• **Required work**:
Shown below is a listing with pictures; reproduce exactly, and only, the lines between the ones containing "Zyia Active Shiny" and "Goat Hair Stippling", inclusive, leaving the pictures out.

• **Given information**:
..........

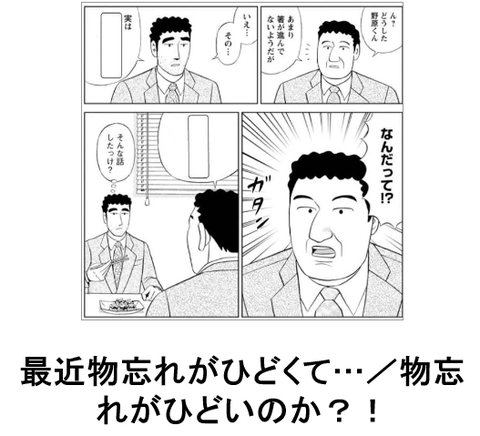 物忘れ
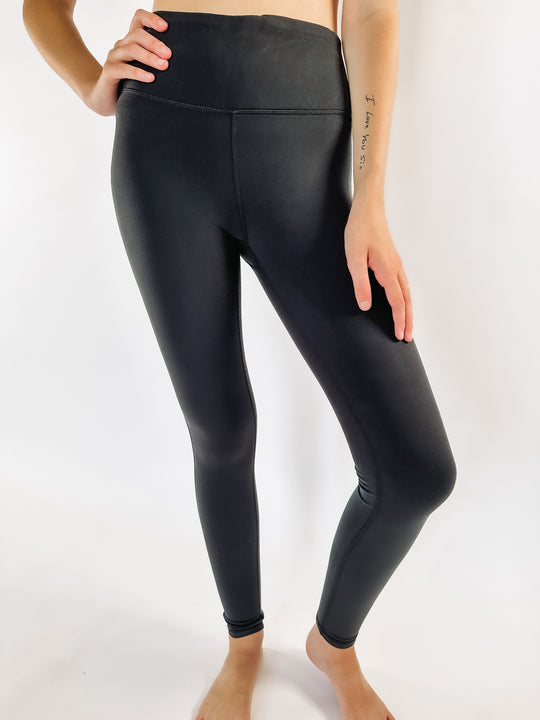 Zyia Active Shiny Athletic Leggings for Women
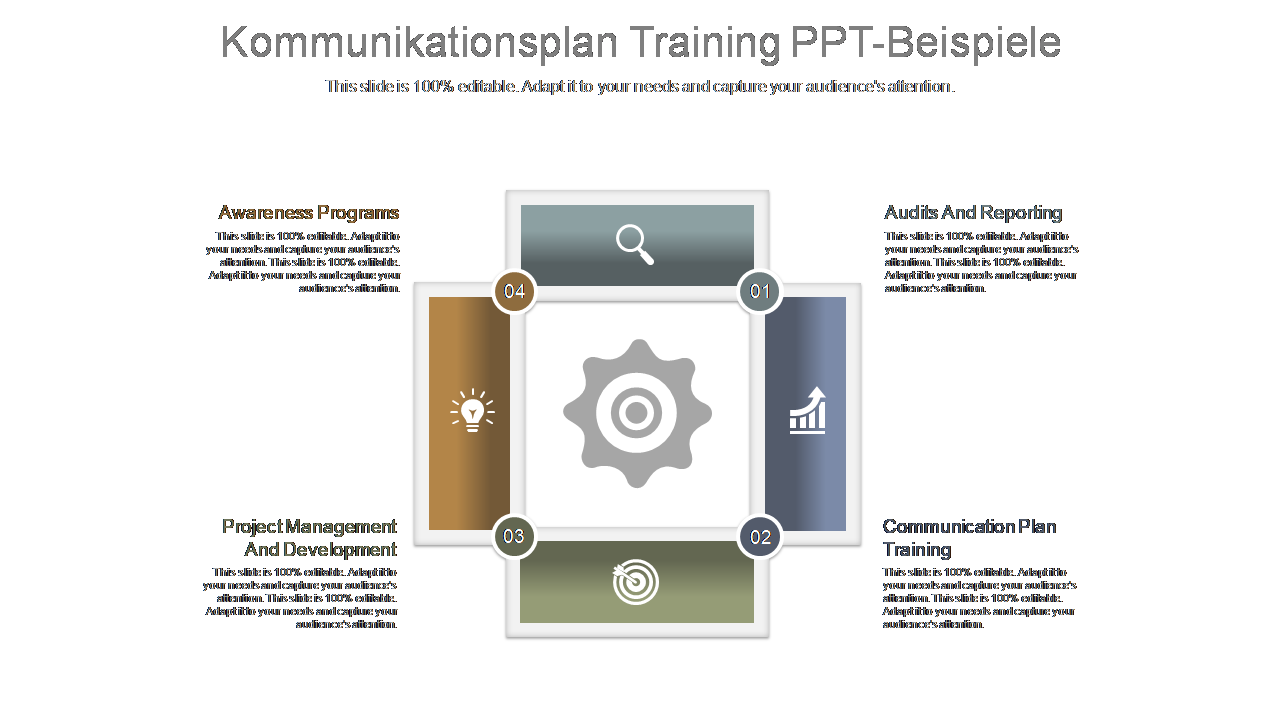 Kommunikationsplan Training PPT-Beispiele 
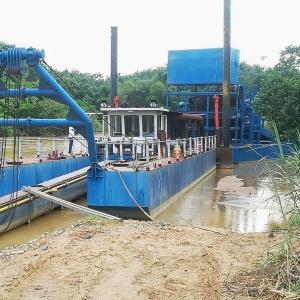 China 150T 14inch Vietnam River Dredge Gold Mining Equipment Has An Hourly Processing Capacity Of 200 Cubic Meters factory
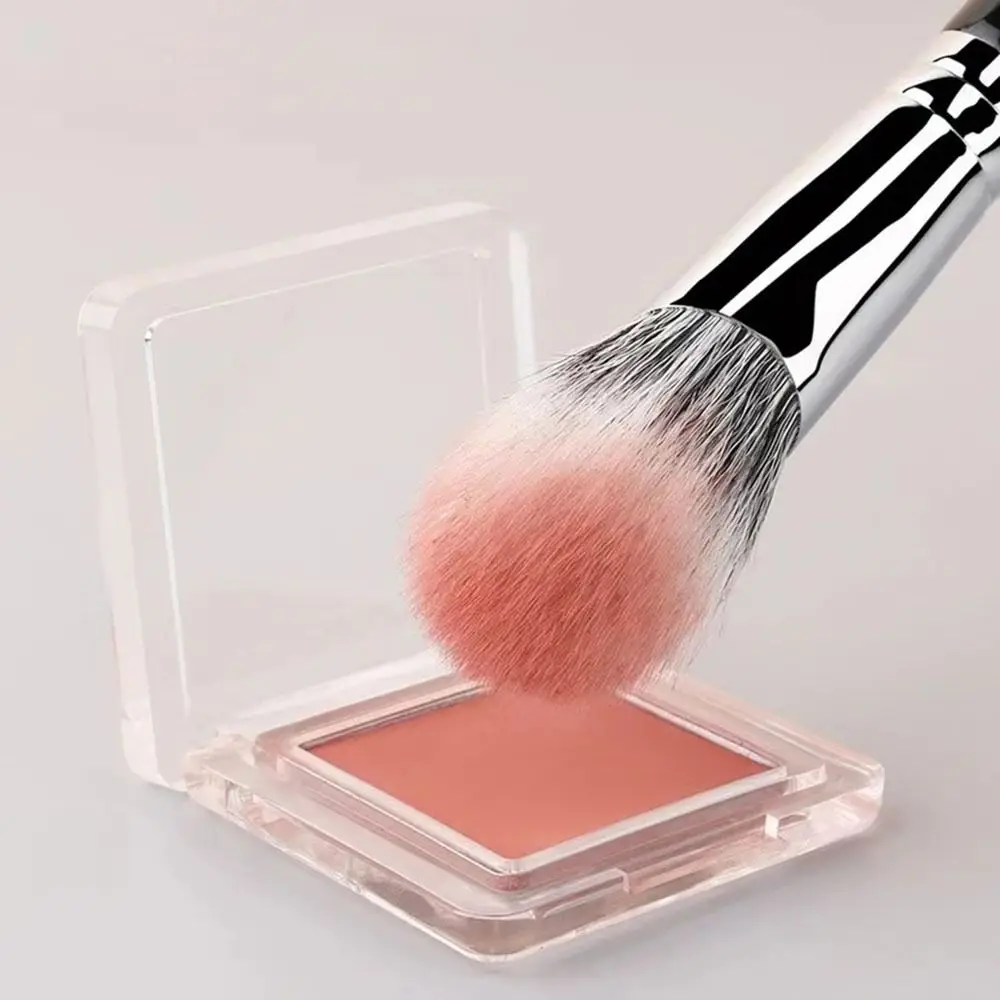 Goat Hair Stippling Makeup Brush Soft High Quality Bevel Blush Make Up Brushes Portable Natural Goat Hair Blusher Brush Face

..........

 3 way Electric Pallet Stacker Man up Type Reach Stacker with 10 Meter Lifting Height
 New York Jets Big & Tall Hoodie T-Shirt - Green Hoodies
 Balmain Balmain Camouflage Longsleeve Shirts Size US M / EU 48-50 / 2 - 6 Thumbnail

..........

• **Answer space**:
 Zyia Active Shiny Athletic Leggings for Women
 Kommunikationsplan Training PPT-Beispiele 
 China 150T 14inch Vietnam River Dredge Gold Mining Equipment Has An Hourly Processing Capacity Of 200 Cubic Meters factory
 Goat Hair Stippling Makeup Brush Soft High Quality Bevel Blush Make Up Brushes Portable Natural Goat Hair Blusher Brush Face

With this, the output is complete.